Basic principles

Goupile allows you to design an eCRF with a slightly different approach from the usual tools, since it involves programming the content of forms, while automating other aspects common to all eCRFs:

In addition to the usual features, we have made every effort to minimize the time between developing a form and entering data.

This is a tool in development and many design choices are still underway. [WIP] indications designate features or options that are under development or improvement.

Even if a compiled public version is not yet available, you can test the demo online.

Domains and projects

Each Goupile service has a domain (or subdomain). For example, demo.goupile.fr and psy-lille.goupile.fr are separate services with separate databases and different users, even if possibly hosted on the same server.

When creating a domain, one (or more) trusted administrators are designated to manage its projects and users. A pair of encryption keys is generated to perform backups of the domain databases. The public key is stored on the server to create the backups. The private key is entrusted to designated administrators and is not stored; its loss leads to the loss of all backups of this domain.

Details on the encryption used are detailed in the section on architectural choices.

Administrators can create projects and assign users to them, either to design forms or to enter data.

User Management

Manage your projects and users within the administration module.

Each Goupile domain has its own table of users.
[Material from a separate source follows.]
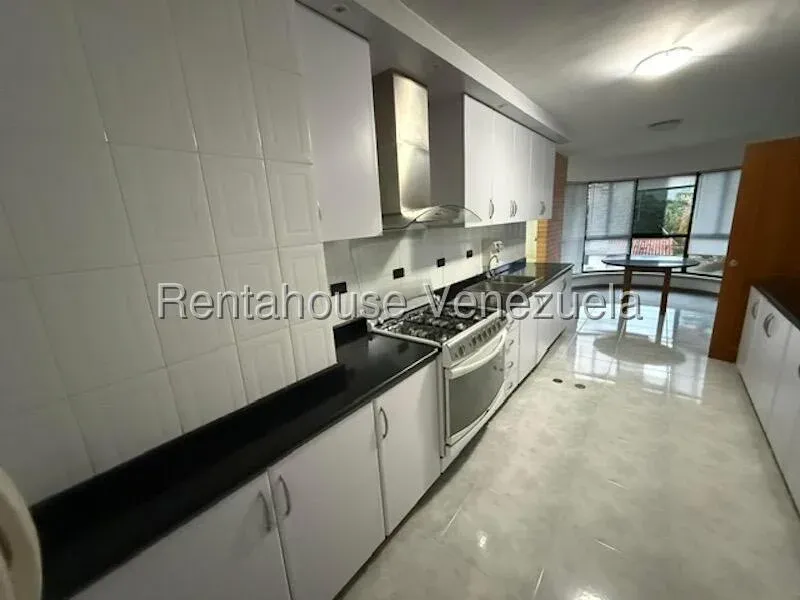 Espacioso Apartamento En Alquiler Urbanización Miranda, Balcón Con Linda Vista Panorámica - 7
These user accounts are managed by the administrator(s) designated for this domain, who can create, modify and delete them.

Each user can be assigned to one or more projects, with a set of permissions according to his preprogatives. There are two sets of permissions:

These permissions are detailed in the tables below:

PermissionExplanation
DevelopEdition of forms
PublishPublication of modified forms
ConfigureProject and center configuration (multi-center)
AssignChange user permissions on the project
PermissionExplanation
LoadRead records
SaveEdit records
ExportExport data en masse (CSV, XLSX, etc.)
BatchRecompute all calculated variables on all records

By default, user authentication is based on a username / password pair. This password is stored hashed in the database (libsodium pwhash).

Several strong authentication modes are available or planned:

Goupile usage

Goupile is coded as a SPA (Single Page Application) type web application. A brief overview of the different aspects of Goupile is given below; refer to the user manual for more detailed information.

Design of an eCRF

Program the page in the editor (left), and the result (right) is displayed immediately

When designing a form, the user programs it in JavaScript via an online text editor, by calling predefined functions which generate the fields desired by the user. The eCRF is displayed directly on the same screen.

To create an eCRF, the user begins by defining the organization and sequence of entry pages and the underlying data tables. It is possible to create multiple table eCRFs with 1-to-1 and 1-to-N (parent-child) relationships in this phase.

The content of the pages is also defined in Javascript. The use of a programming language to design the forms gives us a lot of possibilities, in particular the creation of complex forms (conditions, loops, dynamic calculations, specific widgets, etc.), without sacrificing simplicity for more usual forms.

Data validation

The verification of the validity of the data in relation to the imposed constraints takes place on the client side (systematically) and on the server side (on the pages where this option is activated). This is based on the Javascript code of each page, which can define conditions and errors depending on the data entered.

These errors feed the quality control base which can then be monitored [WIP].

To ensure the security of the server despite the execution of potentially malicious JavaScript code, several measures are taken and detailed in the section about server architecture.

Offline support

eCRFs developed with Goupile can work in offline mode (if this option is enabled). In this case, Goupile uses the PWA features of modern browsers to be able to cache its files and form scripts, and be installed as a native pseudo-application.

In this case, the data is synchronized in a second step when the connection is available.

Offline data is symmetrically encrypted using a key specific to each user and known to the server. This key is communicated to the browser after successful authentication.

In order for the user to be able to connect to their offline application, a copy of their profile (including the offline data encryption key) is stored on their machine, encrypted by a key derived from their password. When he tries to connect offline, his username and password are used to decrypt this profile and be able to access local data.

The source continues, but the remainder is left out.